Chinese officials are waging an unexpected war on cash in the wake of the coronavirus outbreak – amid fears that contaminated banknotes could spread the deadly virus.
The country’s central People’s Bank of China (PBoC) has launched a campaign that, per the South China Morning Post, will see it and other banks disinfect used banknotes, seal and quarantine them for up to 14 days to limit the spread of the infection that has reportedly killed almost 1,700 people.
Cryptocurrency and blockchain-powered payments advocates will likely point to the move as another reason why cash’s days are numbered – with Chinese companies already reportedly turning to blockchain-based solutions that allow individuals and businesses to pay online, and avoid spreading the virus through person-to-person contact.
Recent research from the United States showed that the deadly virus may be able to survive on inanimate objects for well over a week – and could show particular longevity on metal and plastic surfaces.
The development could further encourage Chinese businesses hoping to switch from cash to digital payments.
With health and hygiene now paramount in China and other countries fighting the virus, dirty cash is already coming under threat from Industry 4.0-era alternatives.
Media reports claim that business heavyweights like Alibaba are looking to rollout “contactless” bidding solutions for e-pay programs – to help businesses make payments online.

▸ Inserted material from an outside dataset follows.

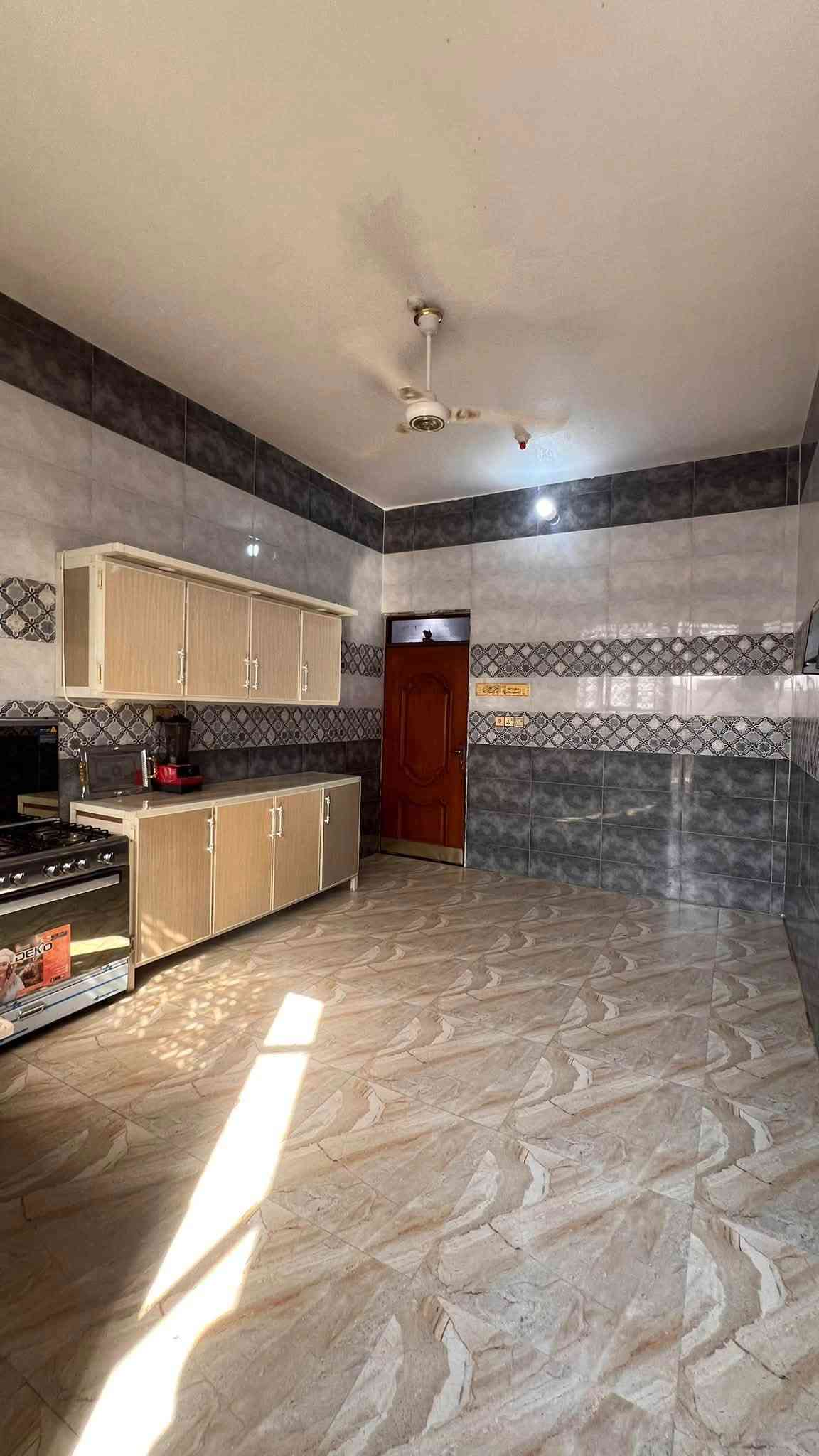 سلام عليكم بيت عندي مساحته 150 نزاله 23واجهيته 7ونص غرف 2صاله ديوانيه صحيات داخليه وخارجيه مطبخ بيت حلو ومرتب السعر خاص مكانه الصخين على الحوالي الجديد مباشر وتحياتي الكم الرقم الاستفسار ***********
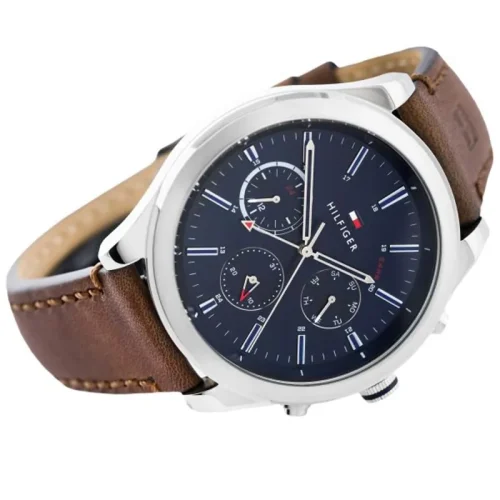 tom-1791741-02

As part of the PBoC’s efforts, staff at banks across the country will use ultraviolet light or high temperatures to disinfect yuan bills before they are put into storage.
The same media outlet quotes Fan Yifei, the deputy governor of the PBoC, as saying that banks have been ordered to provide new banknotes to customers whenever possible in a bid to “secure the public’s safety and health when using cash”.
The deputy governor said that China’s central bank has already carried out an “emergency issuance” of USD 573 million in new notes to Hubei province – the area worst hit by the outbreak.
The latest data from the World Health Organization shows that there have been 51,857 laboratory-confirmed cases of the virus, including 51,174 infections in China, and 683 cases in 25 other countries worldwide, including the United States, Canada, the UK and other parts of Europe, Asia, and Africa.